EM BUSCA DAS ONDAS GRAVITACIONAIS
Entre tantas previsões saídas da Relatividade Geral já confirmadas, porém, ainda resta uma última que carece de observação direta, embora talvez não por muito tempo. São as chamadas ondas gravitacionais, perturbações na curvatura do espaço-tempo causadas por eventos cósmicos violentos, como a fusão de dois buracos negros e explosões de supernovas, de forma parecida com as ondas provocadas por uma pedra ao ser atirada em um lago de água parada.
Em setembro passado, os institutos de tecnologia da Califórnia e de Massachusetts (Caltech e MIT, respectivamente) retomaram as buscas por sinais de ondas gravitacionais no projeto Ligo (sigla em inglês para Observatório de Ondas Gravitacionais por Interferometria a Laser), financiado pela Fundação Nacional de Ciência dos EUA (NSF) com o apoio de agências de fomento e instituições de pesquisa de Alemanha, Reino Unido e Austrália. Após cinco anos de obras de melhorias, as duas instalações do projeto, localizadas nos estados americanos de Washington e Louisiana, agora são capazes de detectar variações de até um bilionésimo do diâmetro de um átomo no percurso dos raios de luz por eles gerados — teoricamente pela passagem de ondas gravitacionais que esticam e encolhem o espaço-tempo como nos picos e vales de ondas eletromagnéticas comuns.
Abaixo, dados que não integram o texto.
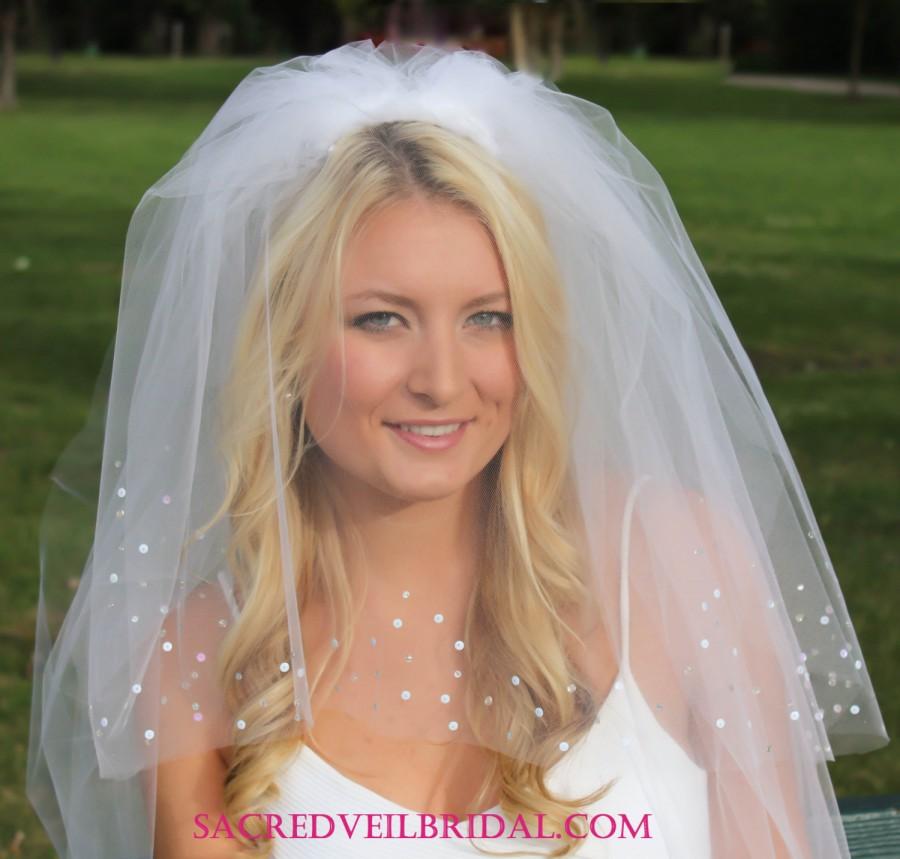 Свадьба - Sparkling Bead Bridal Veil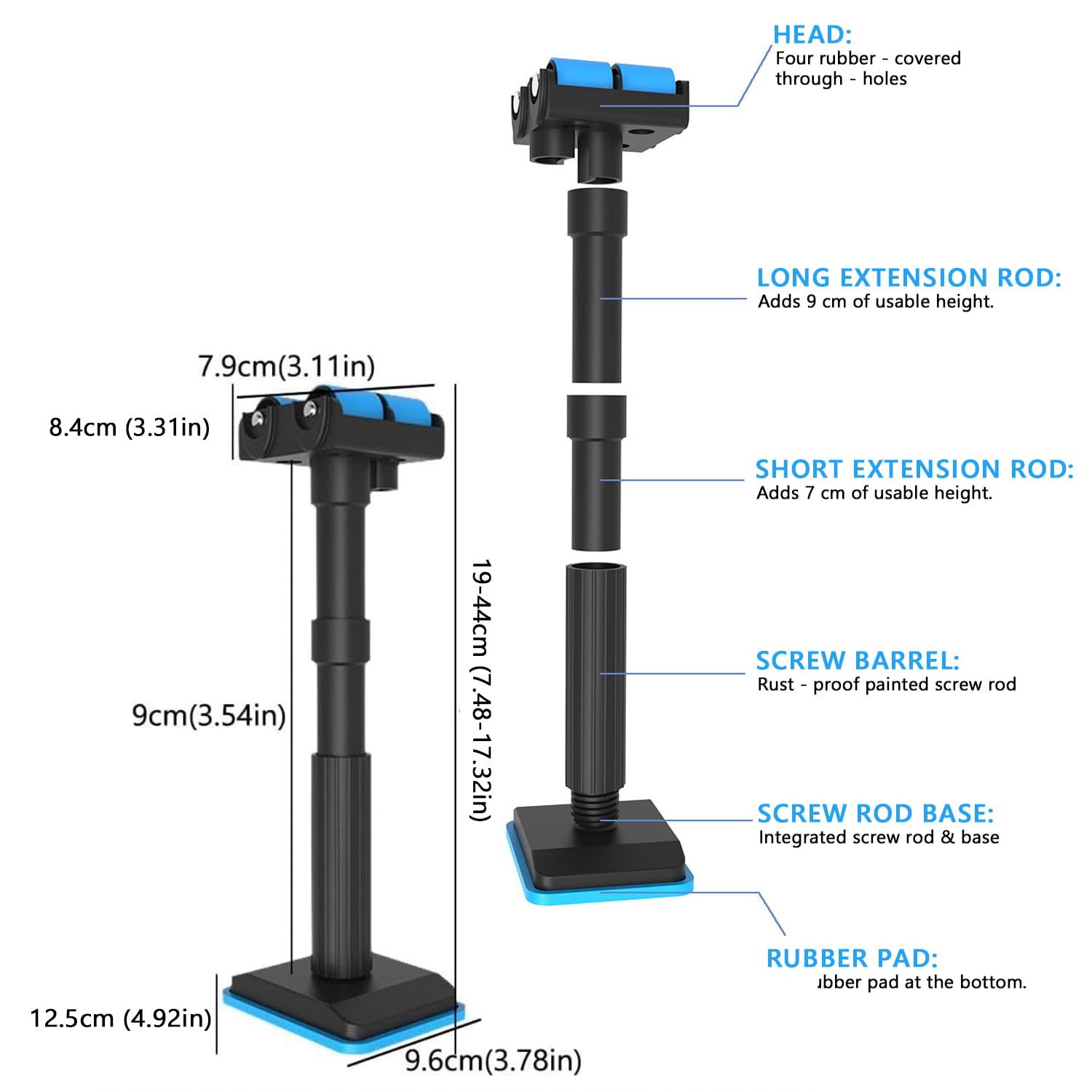 Telescoping Support Pole, Anti-Slip, Adjustable Lifting Pole for Leveling, Load-Bearing Cabinet Jack Rod for Shelves, Sink Base, Sofa Frame, Decks, Bathroom Remodeling, Construction Tasks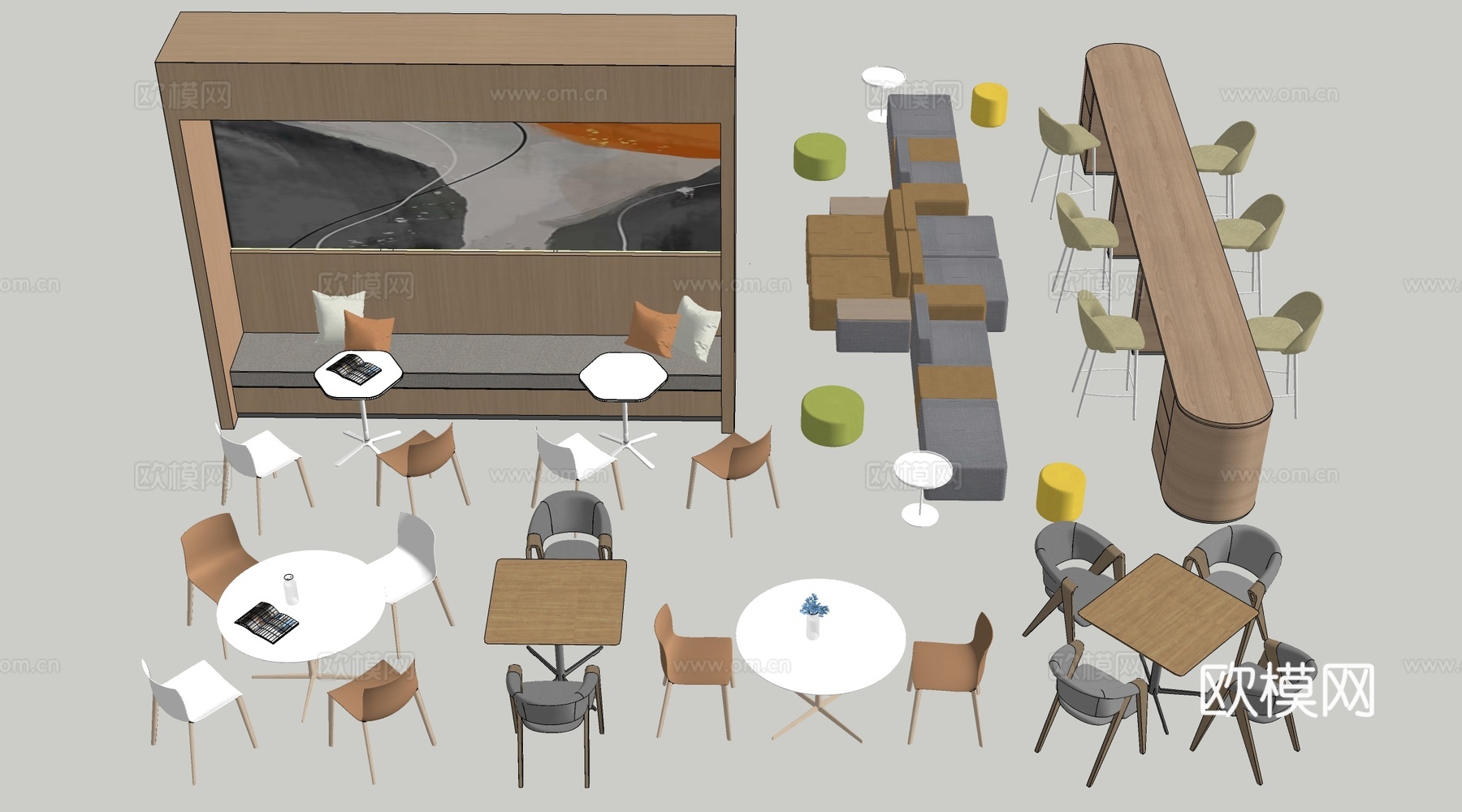 现代茶水间桌椅 公司休息区桌椅 吧台桌椅 休闲桌椅su模型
Segundo os cientistas, o aumento da sensibilidade dos observatórios do projeto, agora denominado Advanced Ligo, em teoria permitirá que detectem ondas gravitacionais produzidas por eventos a até 225 milhões de anos-luz de distância da Terra, mais do triplo dos 65 milhões da fase anterior da busca — que entre 2002 e 2010 não encontrou nenhum sinal delas —, cobrindo um volume do Universo 27 vezes superior. Mas, apesar do otimismo dos cientistas de que agora sim nossa tecnologia alcançou um nível capaz de provar a existência das ondas gravitacionais, Novello alerta que isso talvez exija observatórios ainda mais sensíveis.
— Há 40 anos ouço que na próxima década vamos detectar as ondas gravitacionais e até agora nada — diz. — As ondas gravitacionais e suas características só podem ser examinadas a partir de ondas que existem, se existem, no Universo. Não posso produzir ondas gravitacionais controladas em laboratório. Pode ser que o tamanho e a dinâmica das ondas gravitacionais não sejam as que estamos esperando, e por isso experimentos como o Ligo podem não observá-las.